Dr. Joan VANDEPUTTE
Cirurgião Plástico
Aesthetic fine-tuning of upper eyelid ptosis correction
Objectives: Motivation of a superior, external access (“open sky exposure”) to correct upper eyelid ptosis.
Outlining the importance of pretarsal wrinkle definition and eyelid skin invagination.
Rationale for minimal interference with the medial or lateral horns of the levator aponeurosis, Müller’s muscle or the striated part of the levator. Avoidance of tethering by the orbital septum.
Pursuing a natural curve of the eyelid border by using five resorbable sutures to attach the levator aponeurosis to the tarsus. Demonstration with representative pictures and film fragments.
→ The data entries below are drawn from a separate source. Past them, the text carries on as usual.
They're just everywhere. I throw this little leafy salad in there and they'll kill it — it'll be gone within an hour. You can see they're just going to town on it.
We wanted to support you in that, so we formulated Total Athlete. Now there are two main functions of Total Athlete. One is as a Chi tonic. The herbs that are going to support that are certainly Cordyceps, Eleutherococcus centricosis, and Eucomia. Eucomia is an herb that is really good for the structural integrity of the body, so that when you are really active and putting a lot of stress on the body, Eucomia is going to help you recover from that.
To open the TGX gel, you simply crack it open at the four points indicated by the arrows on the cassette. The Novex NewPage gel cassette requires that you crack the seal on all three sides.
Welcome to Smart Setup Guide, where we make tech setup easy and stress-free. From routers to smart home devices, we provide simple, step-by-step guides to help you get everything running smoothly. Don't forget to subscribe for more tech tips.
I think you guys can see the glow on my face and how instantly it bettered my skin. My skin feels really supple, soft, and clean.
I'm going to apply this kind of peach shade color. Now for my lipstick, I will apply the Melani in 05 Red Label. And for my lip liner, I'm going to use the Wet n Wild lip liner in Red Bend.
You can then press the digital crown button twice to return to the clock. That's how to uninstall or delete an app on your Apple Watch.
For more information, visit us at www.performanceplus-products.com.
Introduction: The objective of upper eyelid ptosis correction generally has both a functional and an aesthetic objective. The choice between a transconjunctival and an external access is important, the latter being associated with more temporary side-effects but giving more control of the pretarsal wrinkle. The decision how much aponeurosis length is bypassed, when it is fastened to the tarsus, is delicate and pivotal. The time-proven single, non-resorbable, central stitch often leaves a less aesthetic tent shape of the eyelid border.
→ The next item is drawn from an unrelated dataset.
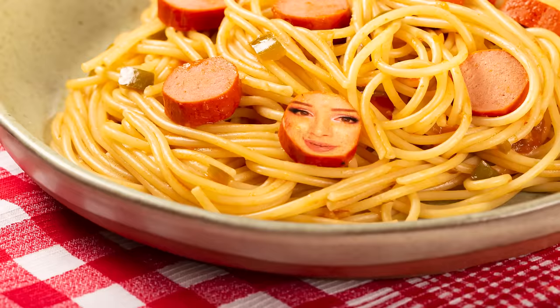Hello lovely people, how are you guys doing? Today we're trying out celebrity pasta recipes. Let's see which one wins — Rihanna or Kylie Jenner.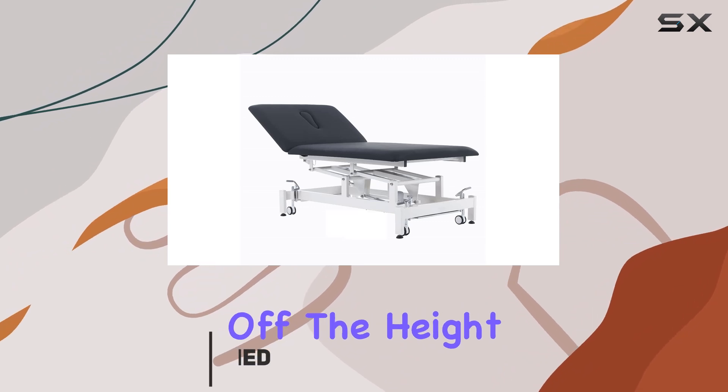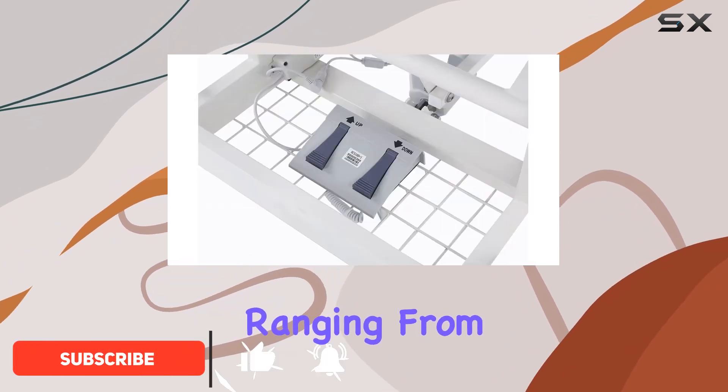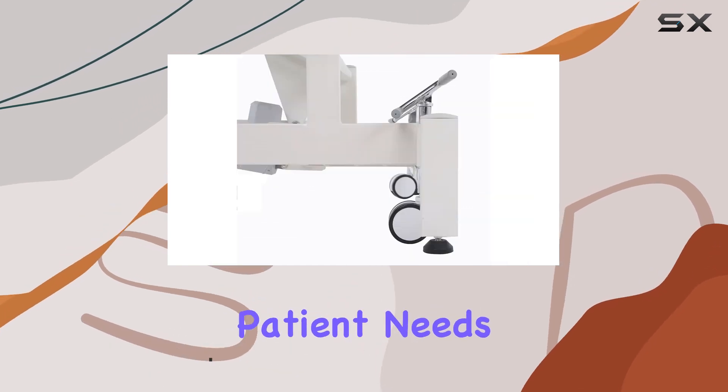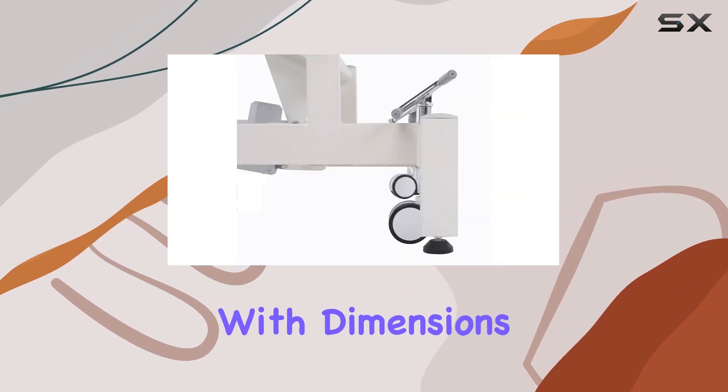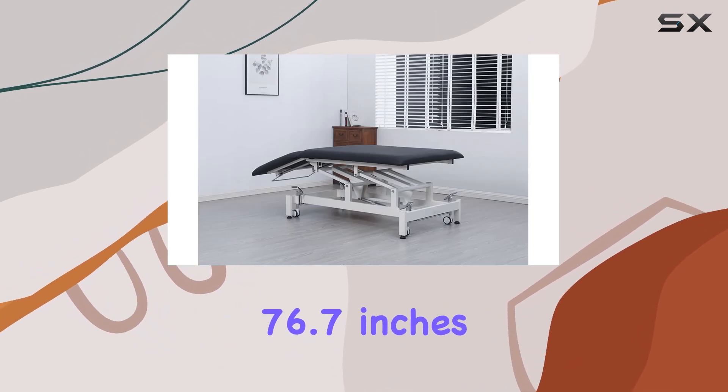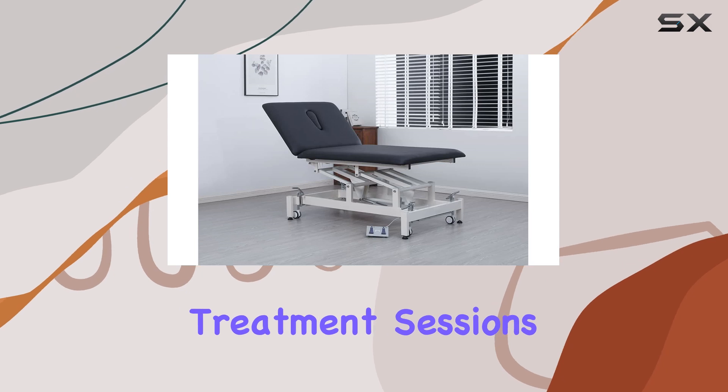First off, the height range is extensive, ranging from 18.9 inches to 36 inches, catering to a variety of patient needs. With dimensions measuring 39.4 inches in width and 76.7 inches in length, there's ample space for comfortable treatment sessions.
Materials / method: Demonstration with representative pictures and film fragments. The levator palpebrae muscle belly is first identified through the upper incision line. The tarsus is exposed through the lower incision. The upper part of the levator aponeurosis is spared to a chosen length, while the rest of the tissue between the incisions is removed. The shortened levator aponeurosis is stitched to the tarsus with five poliglecaprone 6/0 sutures. The amount of bypassing depends on the cause of the ptosis as diagnosed during the surgery. The skin ends are connected to the deep suture line on closing.
Results: Proper levator muscle exposure, without tissue staining by blood, is best achieved from the superior incision line. Intraoperative finding of muscle steatosis versus aponeurosis rarefaction may lead to a different treatment. A natural curve of the eyelid border can better be achieved with five sutures between the aponeurosis and the tarsus than with one single, central stitch. Muscle steatosis, may require more levator shortening on the most affected side. A symmetric restoration is often more adequate to treat levator rarefaction or dehiscence.
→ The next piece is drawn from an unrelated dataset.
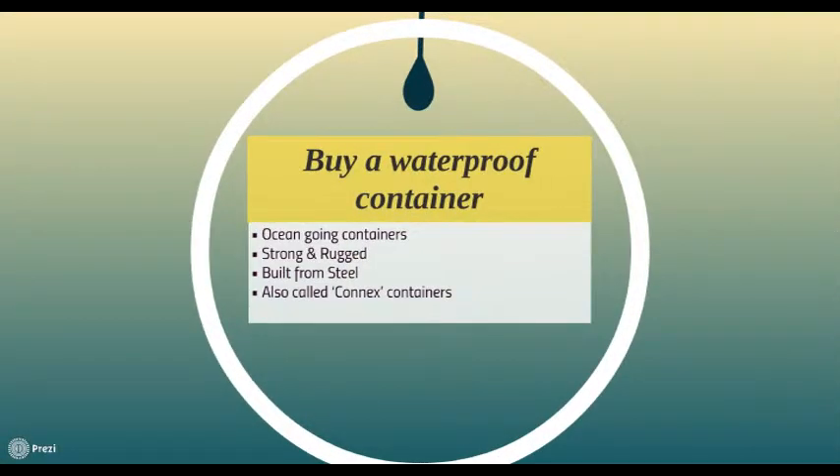One of the main questions that people ask when buying a container with the objective to make a home is, will it be waterproof? The best type of container to buy is one that is built for sea voyages. These are the strongest containers, made from steel and waterproofed. They are designed to withstand the rigors of ocean travel, so they get a fair bit of wear and tear over their lifetime.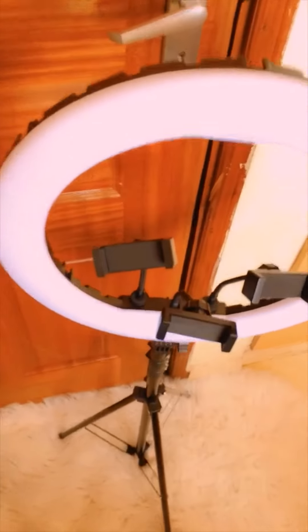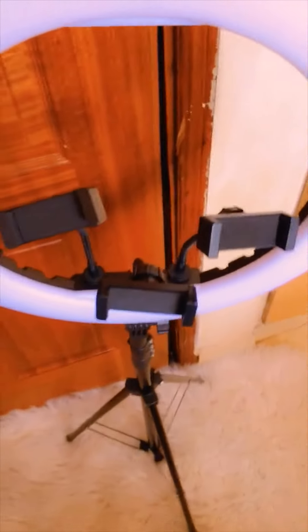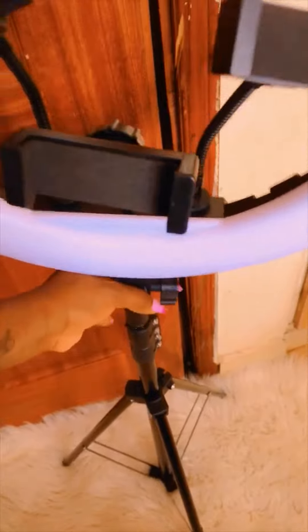So right now I'm done setting it up and that's how it looks — isn't it amazing, guys? You can adjust it to whatever length you want because it's two meters, so it depends on your preference.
Conclusion: The external approach provides control over the pretarsal wrinkle and skin crease, contrary to transconjunctival ptosis correction. However, the morbidity (stiffness, light irritation of the eye, prolonged oedema) is markedly higher than in conventional blepharoplasty or in transconjunctival ptosis repair. The amount of aponeurosis shortening depends on intraoperative findings. Five levator to tarsus stitches lead to a more aesthetic eyelid border curve than one, central stitch. Suturing both skin ends directly to the deep suture line can unequivocally redefine the pretarsal wrinkle.